I too have been using USB sticks since they first became available and I have a 64M one here that is still working from years ago. The advice to buy quality is reasonable, but in the day job I buy between 30 and 50 a year, usually Kingston and there are still failures after repeated use, even after fairly short periods of time. These seem to be more often down to software on the computers using them as the sticks will usually reformat with the appropriate software, but by then all of the data is lost.
Portable SSDs are basically the same thing, and over the years I have had several hard disk failures.
Saving to the cloud is quite reliable, but unless you have a paid account check to see what your provider guarantees – it is often very little!
The only way to totally guarantee your data is through two things – Firstly redundancy – save your data in two or more places and refreshing – rewrite you data from time to time.
It is up to you to decide how much your data is worth. At home I back up to two different NAS storage systems every so often, and the main one of these is a RAID array.

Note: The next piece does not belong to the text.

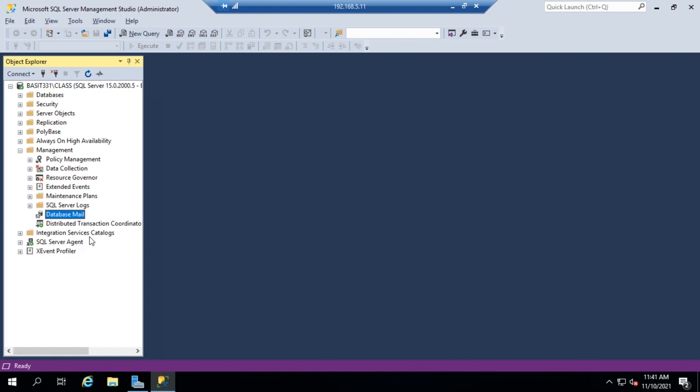by the SQL server agent. Now, configuring the SQL server agent is going to be what we tackle in our next video.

If this sounds a pain remember that when we used film we all had boxes of negatives and prints or transparencies that, short of a fire, were permanent. Now we use digital photography we are sometimes hard pressed to keep digital files for more than a few years or so. The life of re-writeable CDs and DVDs is 10-15 years as blank disks, CD-R or DVD-R recorded data will be safe for more than 100 years but in the case of the – RW versions it is apparently only 25 years or so.
If that sounds like a long time remember that the first photo of Niépce in 1826 still exists and my own wedding photos if they had been stored on DVD-RW, had such a thing been available then, might not be readable today!